WORK INSTRUCTIONS: Could you copy out all of the records below exactly, leaving out every picture?
*** DATASET EXCERPTS Section Begins ***
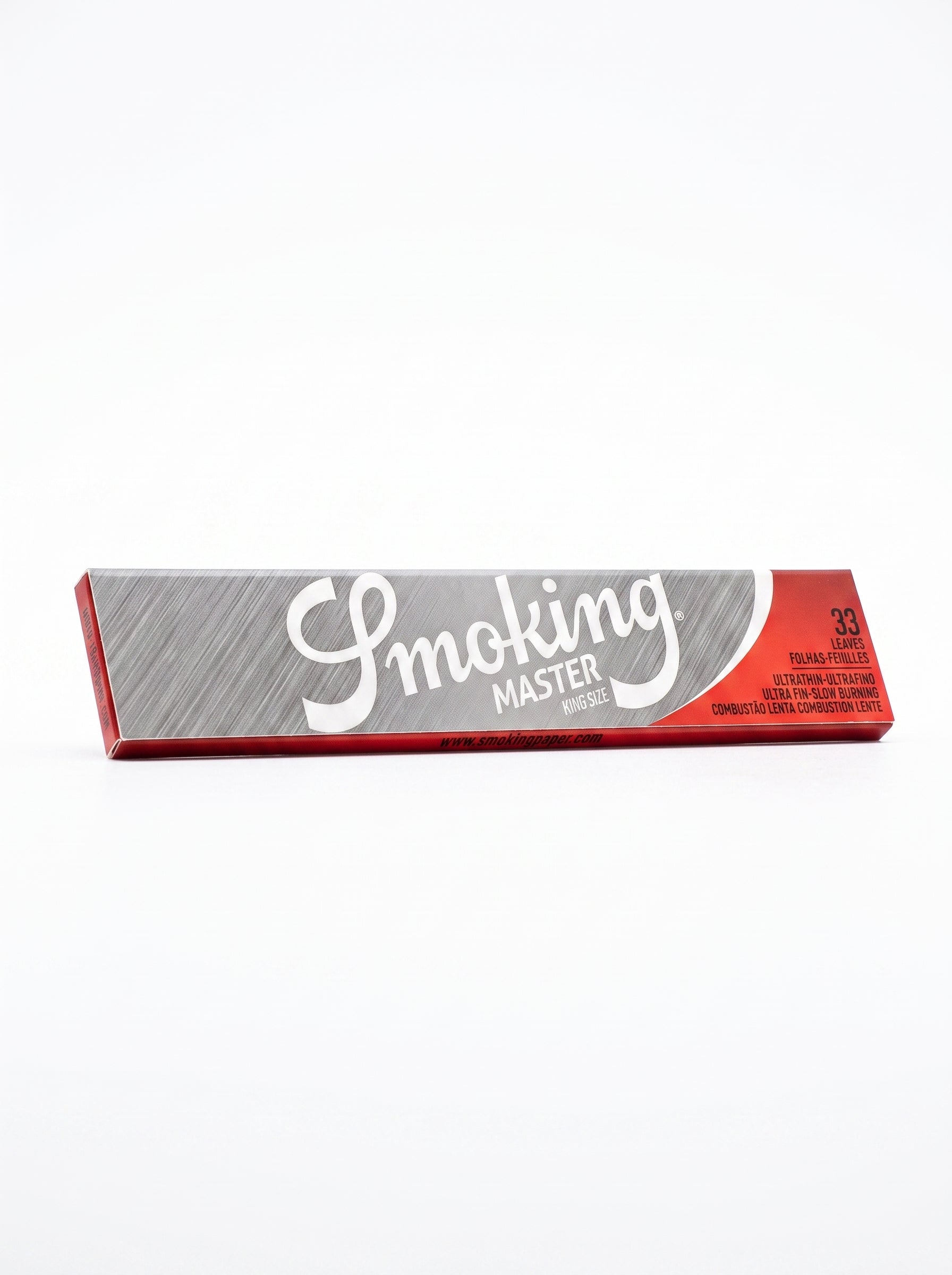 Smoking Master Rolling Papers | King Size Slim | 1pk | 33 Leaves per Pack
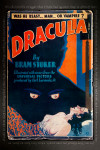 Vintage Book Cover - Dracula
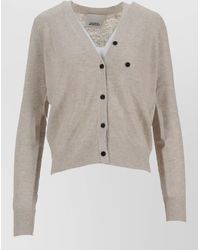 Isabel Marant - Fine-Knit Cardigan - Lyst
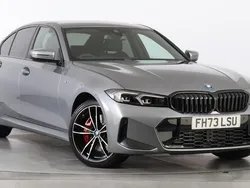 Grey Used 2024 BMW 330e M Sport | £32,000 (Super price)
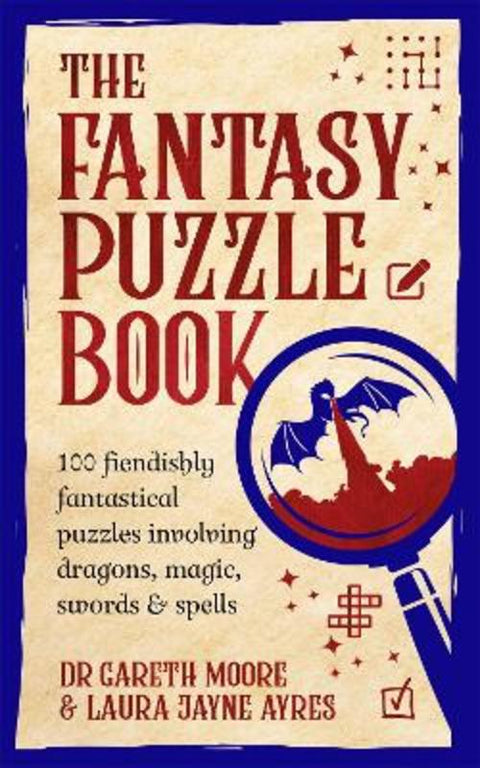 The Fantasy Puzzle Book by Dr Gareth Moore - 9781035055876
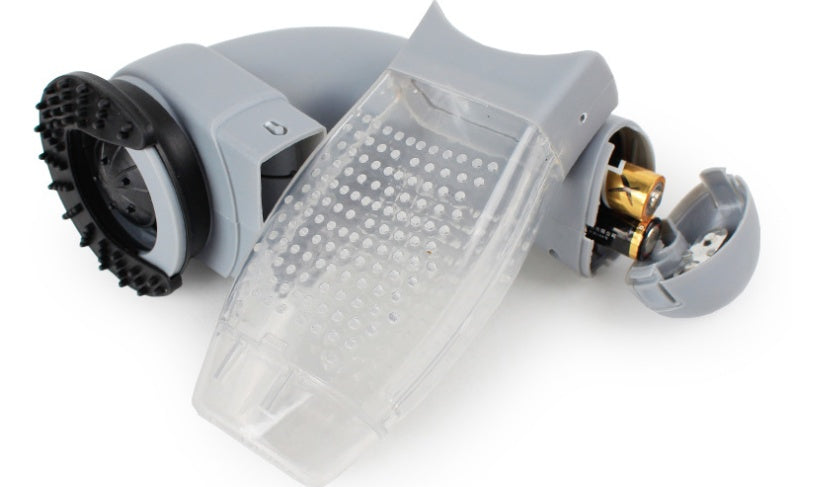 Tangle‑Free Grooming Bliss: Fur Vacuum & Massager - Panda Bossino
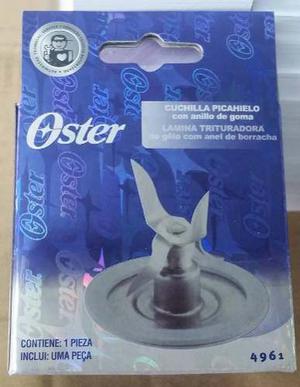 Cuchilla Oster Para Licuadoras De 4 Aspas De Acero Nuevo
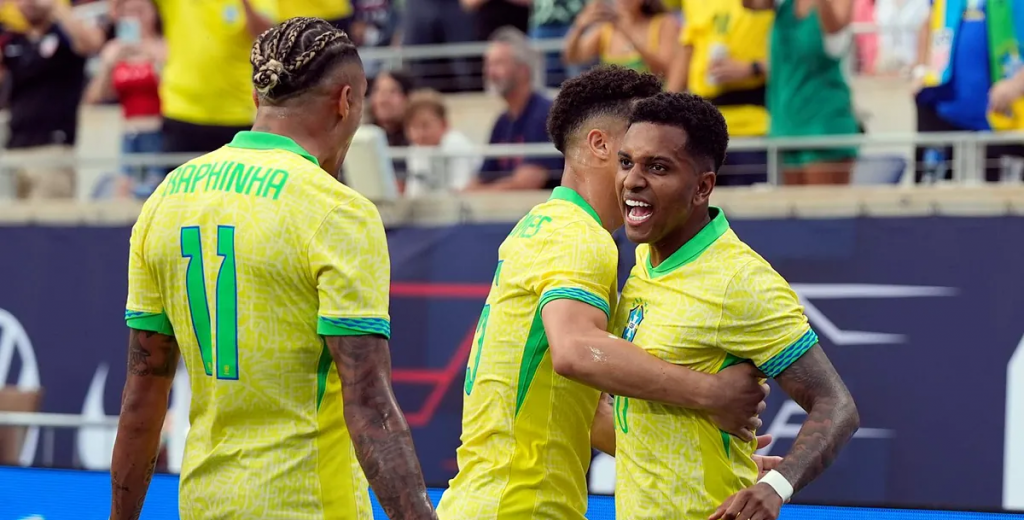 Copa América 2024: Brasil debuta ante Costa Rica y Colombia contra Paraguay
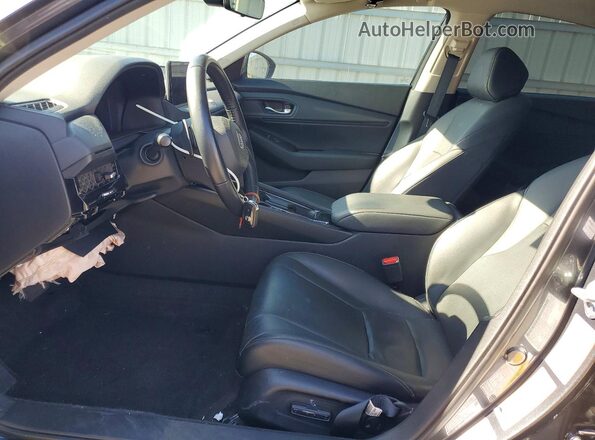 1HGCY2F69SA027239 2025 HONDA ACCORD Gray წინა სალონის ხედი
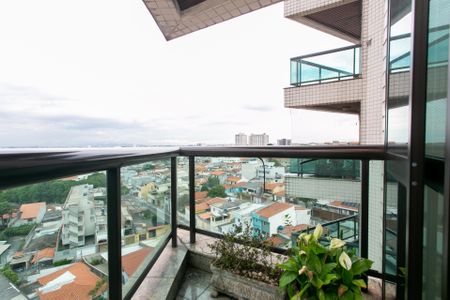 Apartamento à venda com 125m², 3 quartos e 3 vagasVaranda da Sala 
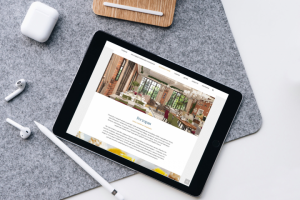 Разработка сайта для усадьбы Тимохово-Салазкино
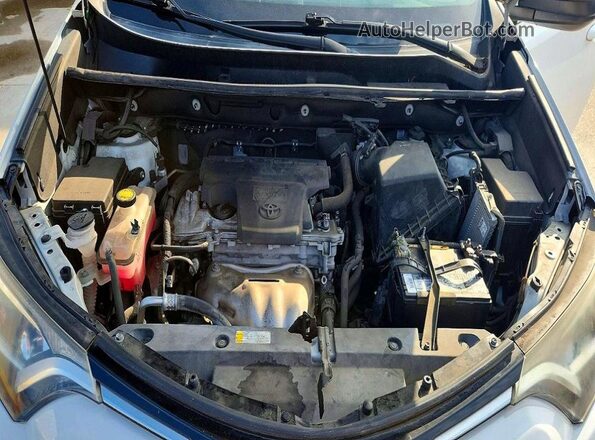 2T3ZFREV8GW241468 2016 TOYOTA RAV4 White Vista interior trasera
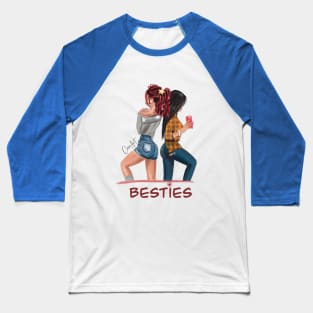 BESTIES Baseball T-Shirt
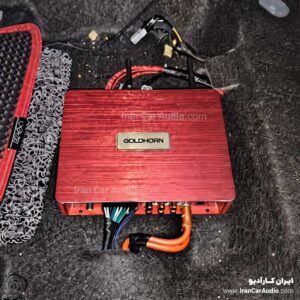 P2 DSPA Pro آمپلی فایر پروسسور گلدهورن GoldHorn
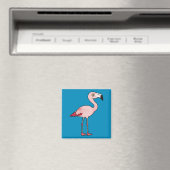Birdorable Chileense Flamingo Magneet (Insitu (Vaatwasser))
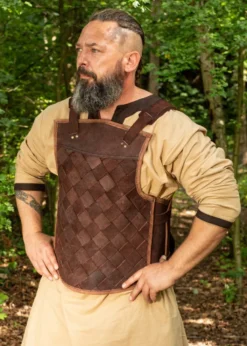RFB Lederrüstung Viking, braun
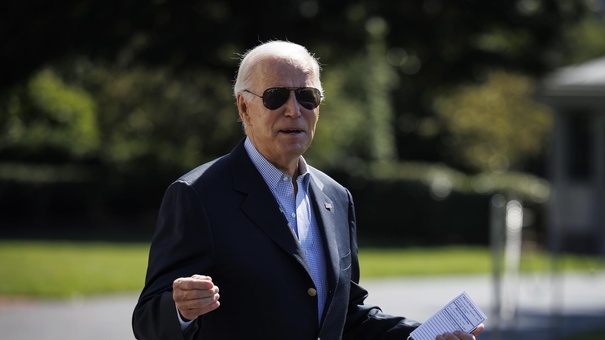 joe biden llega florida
*** DATASET EXCERPTS Section Ends ***
SOLUTION TO THE PROBLEM:
 Smoking Master Rolling Papers | King Size Slim | 1pk | 33 Leaves per Pack
 Vintage Book Cover - Dracula
 Isabel Marant - Fine-Knit Cardigan - Lyst
 Grey Used 2024 BMW 330e M Sport | £32,000 (Super price)
 The Fantasy Puzzle Book by Dr Gareth Moore - 9781035055876
 Tangle‑Free Grooming Bliss: Fur Vacuum & Massager - Panda Bossino
 Cuchilla Oster Para Licuadoras De 4 Aspas De Acero Nuevo
 Copa América 2024: Brasil debuta ante Costa Rica y Colombia contra Paraguay
 1HGCY2F69SA027239 2025 HONDA ACCORD Gray წინა სალონის ხედი
 Apartamento à venda com 125m², 3 quartos e 3 vagasVaranda da Sala 
 Разработка сайта для усадьбы Тимохово-Салазкино
 2T3ZFREV8GW241468 2016 TOYOTA RAV4 White Vista interior trasera
 BESTIES Baseball T-Shirt
 P2 DSPA Pro آمپلی فایر پروسسور گلدهورن GoldHorn
Birdorable Chileense Flamingo Magneet (Insitu (Vaatwasser))
RFB Lederrüstung Viking, braun
 joe biden llega florida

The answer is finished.